Mi hai guardato a lungo
come si saggia un bimbo con lo sguardo,
mi hai detto poi, con gentilezza:
ti voglio bene, perché sei tanto triste.

- Herman Hesse, Io ti chiesi




ARIA.






Sabato, un'ora prima della festa, Debbie venne da me per aiutarmi con l'abito e l'acconciatura.
Lei era bellissima, quella sera, i capelli neri raccolti in un morbido chignon dietro la nuca e imbelliti da due forcine argentate. Il lungo vestito, stile impero, era di tessuto rosso con un'ampia scollatura che le valorizzava il décolleté .
- Accidenti, D, sei stupenda! - esclamai, sinceramente fiera della mia migliore amica.
Lei sorrise con gratitudine.
- Grazie, tesoro. Tra non molto anche tu sarai bellissima - disse, dirigendosi verso il mio armadio e tirando fuori l'abito che avevo scelto. In realtà, era stata Debbie a consigliarmi di provarlo e, ancora una volta, avrei dovuto rimgraziarla. Era blu scuro, con un retro molto particolare: uno strato di velo trasparente, ricco di ricami azzurri, avrebbe avvolto la mia schiena, lasciando scoperto nel mezzo soltanto un lembo di pelle.
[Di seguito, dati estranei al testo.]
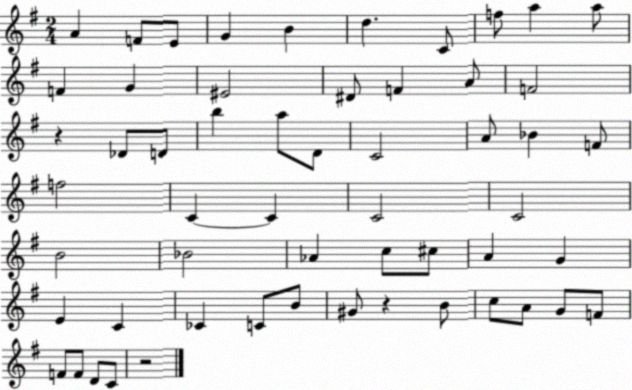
X:1
T:Untitled
M:2/4
L:1/4
K:G
A F/2 E/2 G B d C/2 f/2 a a/2 F G ^E2 ^D/2 F A/2 F2 z _D/2 D/2 b a/2 D/2 C2 A/2 _B F/2 f2 C C C2 C2 B2 _B2 _A c/2 ^c/2 A G E C _C C/2 B/2 ^G/2 z B/2 c/2 A/2 G/2 F/2 F/2 F/2 D/2 C/2 z2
Debbie mi intrecciò due piccole ciocche rosse dietro la nuca con una forcina dorata. Mi arricciò le punte dei capelli con la piastra, dando vita a morbidi boccoli luminosi che mi fece ricadere sulle spalle. Infine, mi condusse fuori in corridoio, dinanzi ad uno degli innumerevoli specchi.
- Apri gli occhi - ordinò. Non mi ero accorta di averli chiusi.
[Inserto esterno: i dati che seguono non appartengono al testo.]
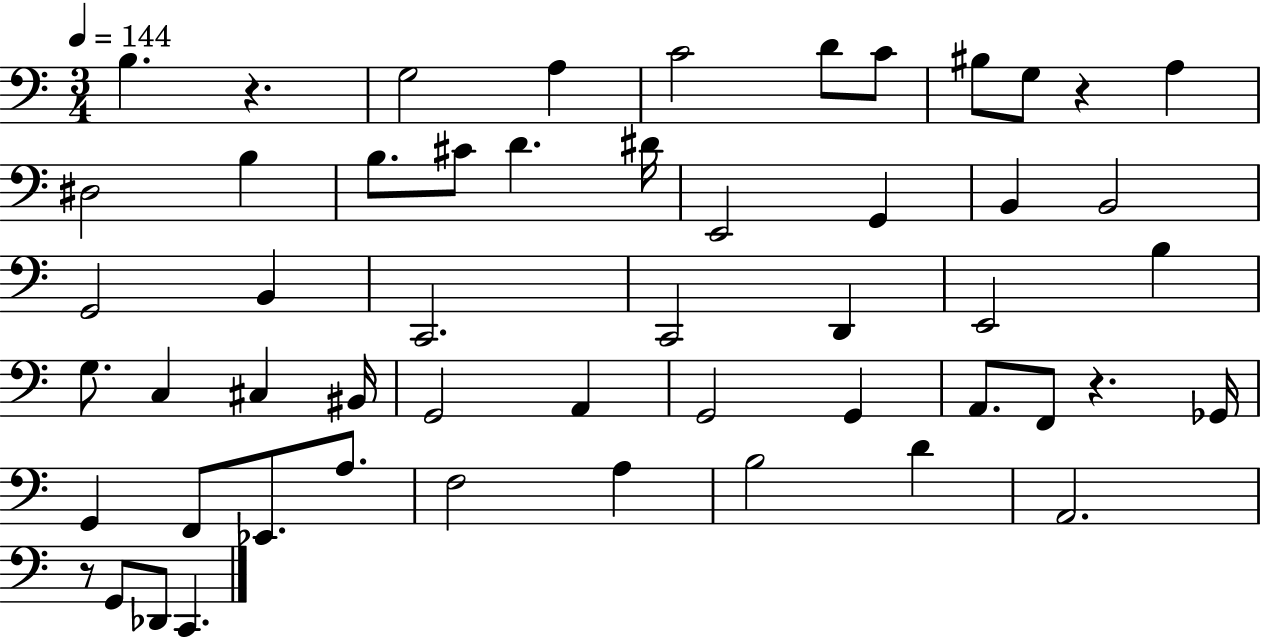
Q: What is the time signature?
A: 3/4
Quando lo feci, rimasi sbalordita. Quel vestito modellava il mio corpo in maniera davvero sorprendente. Davanti a me era riflessa decisamente un'altra persona. Non potevo essere io quella ragazza elegante, radiosa, raffinata, curata nei minimi dettagli e...bella. Io non ero bella. Ero l'esatto opposto della bellezza, al contrario della me riflessa nello specchio.
Lo stupore provato in quel momento venne smontato non appena udii della musica a tutto volume salire dal piano inferiore. Almeno Stephen aveva iniziato con un soft invece che con un heavy metal, come credevo avrebbe fatto.
- Ora possiamo lanciarci in pista - decretò Debbie, una volta giudicata positiva la mia reazione all'outfit.
Scendemmo le scale e strabuzzai gli occhi.
L'ingresso era colmo di ragazzi e la sala era...oh mio Dio, non riuscivo a crederci.
Quando Stephen mi aveva assicurato che l'avrei trovata diversa, quella sera, non pensavo intendesse così diversa.
Il solito lungo tavolo che troneggiava al centro era spostato al lato della sala e ospitava pietanze di ogni tipo e cocktail multicolore. Non avevo alcuna intenzione di assaggiare anche un solo boccone o sorso da quel tavolo. Al contrario di me, però, Debbie vi si fiondò con vigore. Prese ciò che credevo fosse un rustico e un cocktail di un colore simile a quello del mio vestito.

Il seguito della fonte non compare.